The input =>
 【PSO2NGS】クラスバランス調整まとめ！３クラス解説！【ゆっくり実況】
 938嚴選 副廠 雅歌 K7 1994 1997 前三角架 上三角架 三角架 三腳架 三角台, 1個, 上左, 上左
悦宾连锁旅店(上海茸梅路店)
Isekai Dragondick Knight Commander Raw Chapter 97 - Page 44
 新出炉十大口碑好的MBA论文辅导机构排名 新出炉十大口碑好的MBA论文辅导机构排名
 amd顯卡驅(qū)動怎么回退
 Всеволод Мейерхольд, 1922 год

* * *

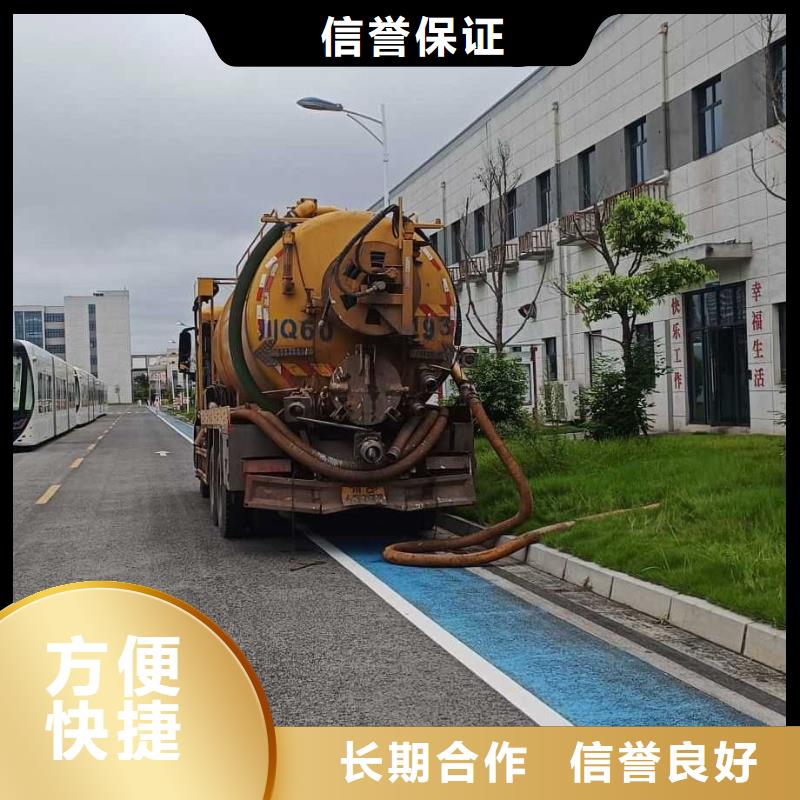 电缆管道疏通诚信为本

...

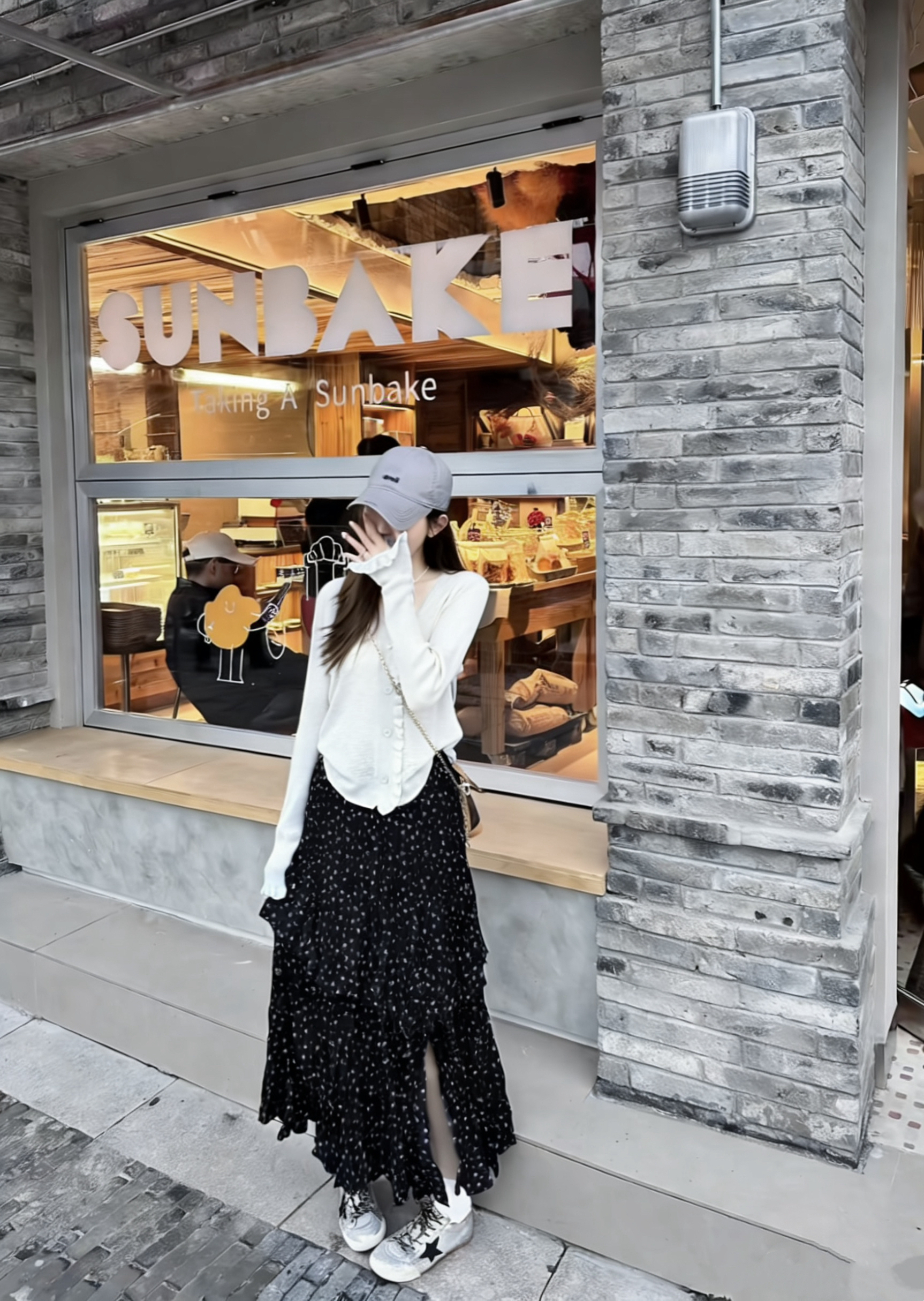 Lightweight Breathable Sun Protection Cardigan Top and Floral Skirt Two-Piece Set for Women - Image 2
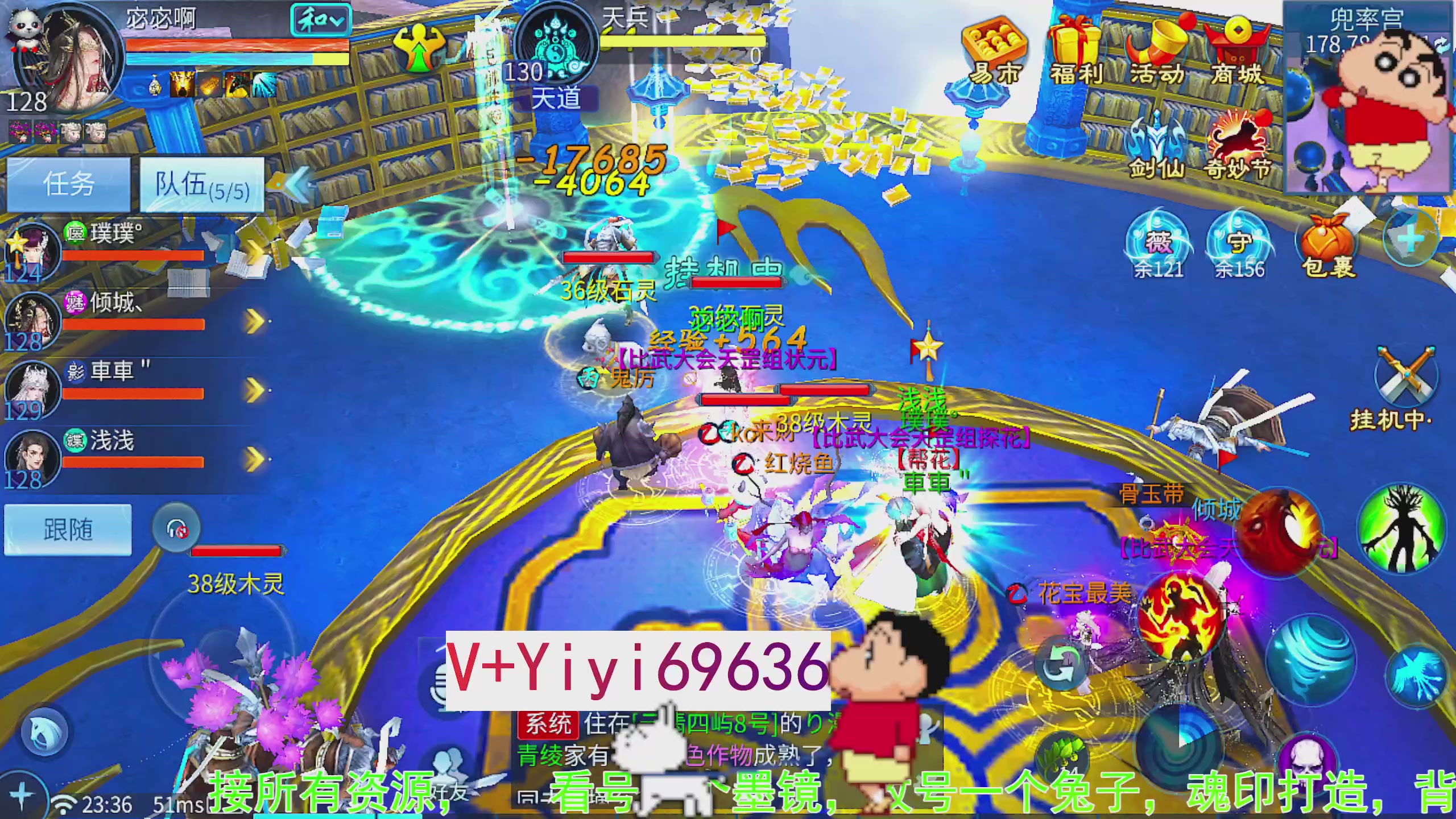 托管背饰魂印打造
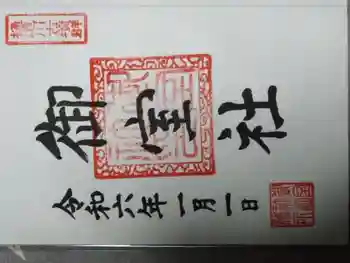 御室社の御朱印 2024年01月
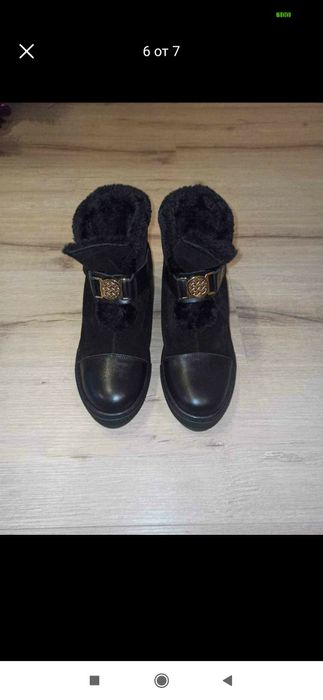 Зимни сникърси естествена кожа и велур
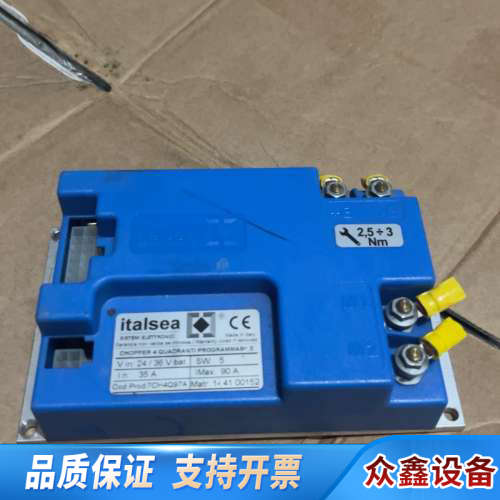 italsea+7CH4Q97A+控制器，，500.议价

Activity => Beginning with the line that contains "御室社の御朱印 2024年01月" and ending with the line that contains "italsea+7CH4Q97A+控制器，，500.议价", reproduce the listing exactly, pictures excluded.

Answer section =>
 御室社の御朱印 2024年01月
 Зимни сникърси естествена кожа и велур
 italsea+7CH4Q97A+控制器，，500.议价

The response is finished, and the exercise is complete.